Soak-back conditions are a crucial challenge for engine manufacturers to reduce the turnaround time between flights and improve engine durability and security. The natural convection conditions at stake make the numerical predictions of the flow and thermal behaviors rather difficult, when not prohibitively expensive. Consequently, the topic is still assessed with tests which can only be performed at a very late stage of the engine development and do not provide a good overview of the physics behind. Failures discovered so late are extremely expensive and complex to solve.
This paper presents the first phase of a methodology development to tackle the soak-back of an engine with the SIMULIA PowerFLOW Suite Computational Fluid Dynamics code. Comparisons for validation are made with the tests on one hand, and with ANSYS Fluent RANS (Reynolds Averaged Navier-Stokes) simulations whenever possible.

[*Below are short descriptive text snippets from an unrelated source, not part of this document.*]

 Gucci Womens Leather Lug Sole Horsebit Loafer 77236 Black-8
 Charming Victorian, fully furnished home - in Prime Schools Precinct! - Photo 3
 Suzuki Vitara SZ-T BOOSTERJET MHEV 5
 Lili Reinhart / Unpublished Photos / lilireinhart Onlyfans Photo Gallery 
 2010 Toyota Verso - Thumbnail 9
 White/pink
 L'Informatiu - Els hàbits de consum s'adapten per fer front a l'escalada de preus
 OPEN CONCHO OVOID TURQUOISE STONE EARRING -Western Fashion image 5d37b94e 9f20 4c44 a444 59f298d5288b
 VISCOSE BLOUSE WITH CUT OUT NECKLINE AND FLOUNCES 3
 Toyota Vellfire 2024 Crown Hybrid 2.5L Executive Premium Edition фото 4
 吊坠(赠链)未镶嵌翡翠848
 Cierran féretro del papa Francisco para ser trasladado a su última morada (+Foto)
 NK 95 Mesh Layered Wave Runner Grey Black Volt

The work conducted so far focuses on the engine bay only with coupled fluid-thermal simulations while the core flow is simplified into a 1D fluid nodes network.
A first simplified approach has proved to recover some of the phenomena observed in both the tests and RANS simulations. It failed however to match the initial temperatures of the soak phase, which is consistent with the choice of modelization made. Improvements to the model were therefore brought by adding more complexity and fidelity to the geometry, environment and tests scenario. The new results significantly improve the comparisons with the tests and RANS simulations. Some differences on absolute temperature levels and evolution rates remain here and there and highlight the necessity to improve the core flow modelization, which is what the next phase of the methodology development will focus on.